Posted: Mon Jun 20, 2022 7:39 am
by kextyn
I download Thai subtitles for my family (I cannot read it myself). I have noticed a lot of subtitles labeled as Thai that are obviously not due to the unique characters Thai uses. The majority of these have been in what I assume is Sinhalese. They use very different character sets.

I'm wondering if it is possible to run some analysis on the backend to identify issues like this and either re-tag, delete, or mark the subs to eliminate them from searches for the particular language. I'm sure it can be done for many languages that have unique characters.

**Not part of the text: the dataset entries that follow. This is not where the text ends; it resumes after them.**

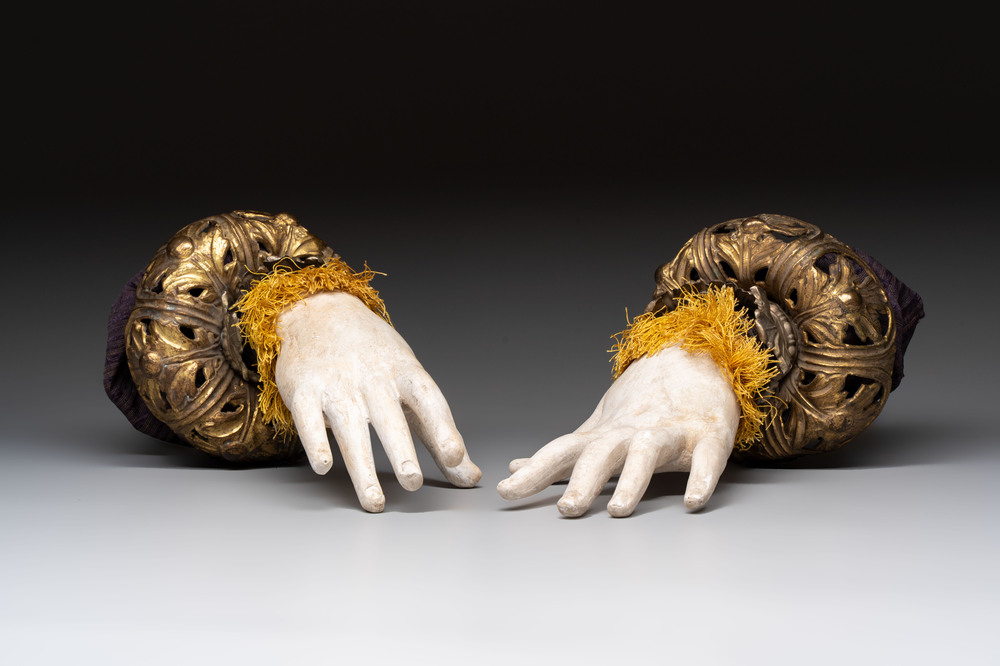 A pair of plaster hands with gilt-bronze cuffs and fabric adornments, Italy, 19th C.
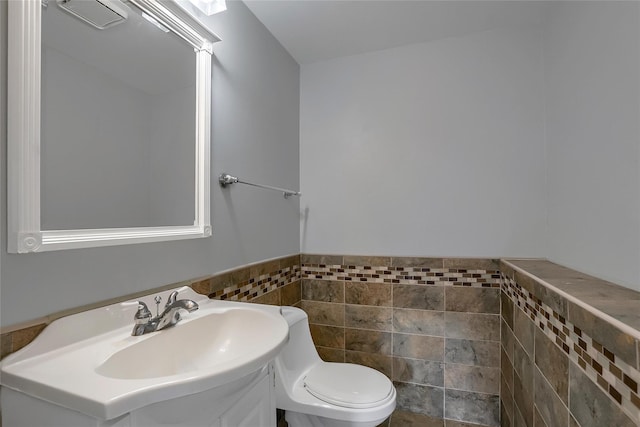 bathroom with vanity, tile walls, and toilet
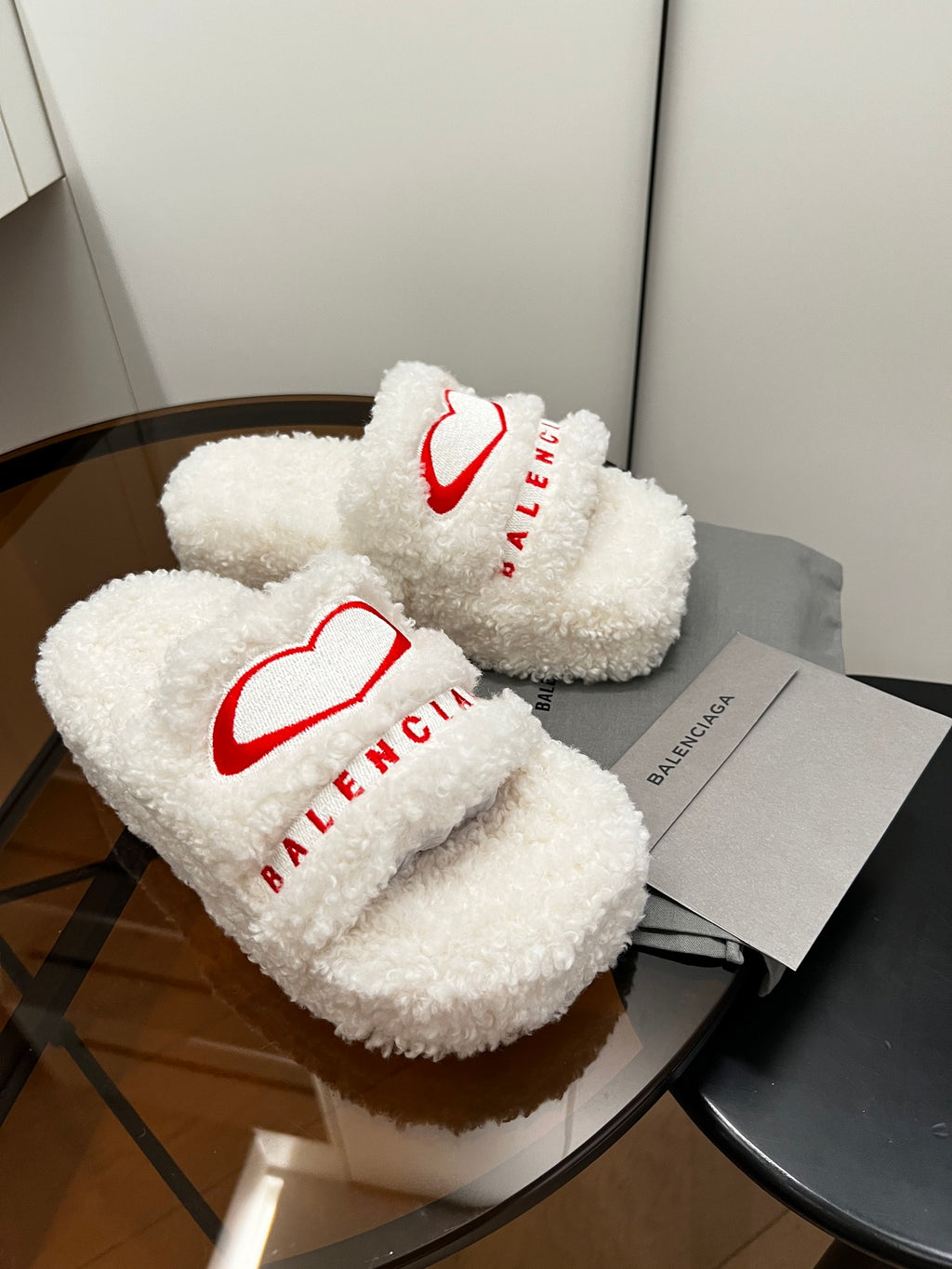 Sherpa slide sandals, white fuzzy straps with red logo; pair on gray boxes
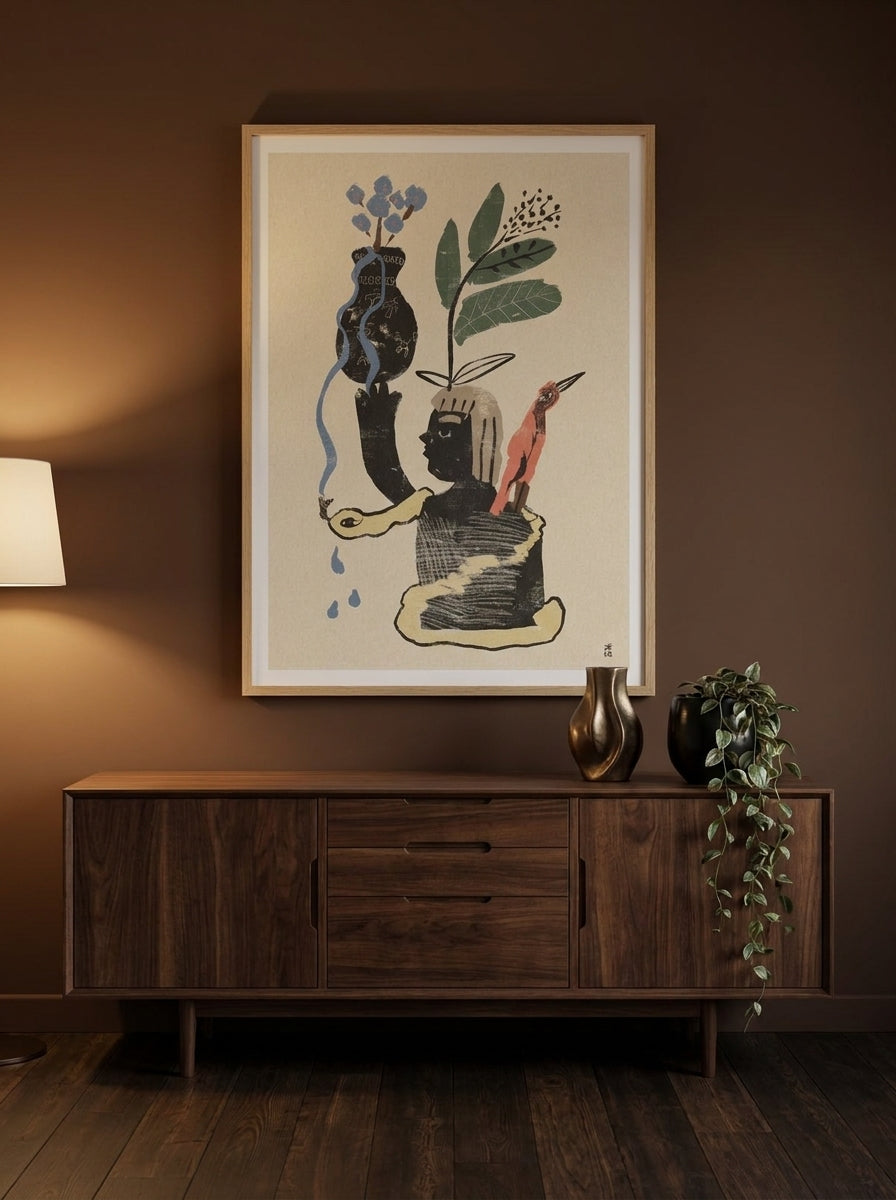 Modern wall art print styled on the wall in a moody living room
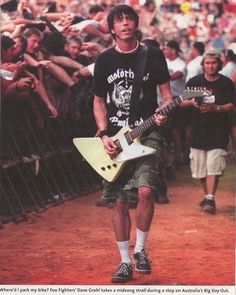 a man with a guitar walking in front of a crowd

For example, on my system I run a simple find paired with grep to search for "ම" (a very common character in Sinhalese). Then I do another grep for files that do not contain common Thai characters (e.g. "ร"). Of course some files are encoded in different formats that require conversion before I'm able to search, but it's all trivial to automate.

I'm not going to assume it's easy to perform this on the entire site, but is it feasible?

Re: Backend Identification of Incorrect Languages

Posted: Mon Jun 20, 2022 9:21 am
by oss
Hi

thanks for feedback, can you please point 1-2 thai subtitles, which have this problem ?
Of course it is possible to run automatic detection for those, I just wonder if that automated uploads, or from users and which channel was used.

thanks

Re: Backend Identification of Incorrect Languages

Posted: Mon Jun 20, 2022 1:15 pm
by kextyn
Of course, here's one movie with some issues:

Incorrect:

https://www.opensubtitles.org/en/subtit ... endgame-th

https://www.opensubtitles.org/en/subtit ... endgame-th

https://www.opensubtitles.org/en/subtit ... endgame-th

https://www.opensubtitles.org/en/subtit ... endgame-th

Correct (TIS-620 encoding):

https://www.opensubtitles.org/en/subtit ... endgame-th

Although my spouse tells me this one seems like it's machine translated. It's understandable, but not normal speech.

Re: Backend Identification of Incorrect Languages

Posted: Mon Jun 20, 2022 4:02 pm
by oss
Hi

thanks, that is helpful. It seems all wrong uploads coming from MX Player. I will try to look into it, once I have a bit of time.